We will turn momentarily to the transcript of the exchange between Sessions and Senator Al Franken (D., Minn.). First, let’s highlight the inaccuracy in the testimony. Sessions stated that he did not have “communications with the Russians.” It is now known that there were at least two occasions during the 2016 campaign on which Sessions, then a senator and a member of the chamber’s Armed Services Committee, had contact with Sergey Kislyak, the Russian ambassador to the United States.
One of these occasions is easily dismissed: Apparently, Sessions saw Kislyak, in addition to dozens of other ambassadors, at a Heritage Foundation reception during the Republican convention.

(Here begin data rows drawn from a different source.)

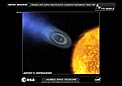 Oxygen and carbon discovered in extrasolar planet atmosphere "blow-off" [artist's impression]
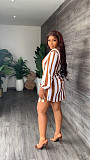 Turn-Down Collar Lace Up Striped Shirt Dress MIL-357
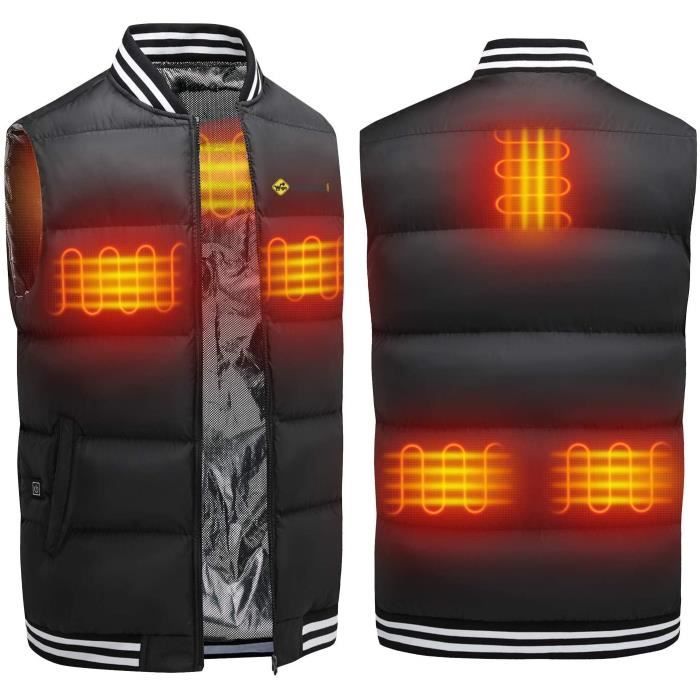 Buycitky Gilet Chauffant Électrique Veste Chauffante Homme Femme Gilet Chauffant USB Lavable avec 5 Zones Chauffage et 3 Niveaux de Chauffage pour Chasse Ski Pêche Randonnée-Batterie Non Incluse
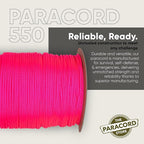 The Paracord Store | Type III 550 Paracord - 1000 FT Spool, Neon Pink | Heavy Duty 7 Strand Tactical Paracord - USA Made Nylon Outdoor Parachute Cord for Camping, Fishing & More - Survival Cord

As Sessions was leaving the podium, a smaller group of these diplomats, including Kislyak, approached Sessions to chat briefly — mainly to compliment him on his remarks. Even the Washington Post doesn’t think much of this chance meeting (buried deep in its story) other than the fact that it happened.
A second meeting occurred in September in Sessions’s Senate office. The Post dramatically claims that this meeting occurred “at the height of what U.S. intelligence officials say was a Russian cyber campaign to upend the U.S. presidential race.” That is a curious description. The report by intelligence officials claimed that the Russian cyber effort targeted both major parties, not just Democrats. Moreover, the successful hacking of Democratic e-mail accounts had already occurred by September. There is not a shred of evidence that anyone in the Trump campaign was in any way complicit in the hacking, much less that the hacking affected the outcome of the election. To the unknowable but probably inconsequential extent that the Trump campaign may have benefited from disclosure of John Podesta’s e-mails, there is nothing criminal about that — no more than there is anything criminal in the fact that the much of the American media skew their coverage in favor of Democrats.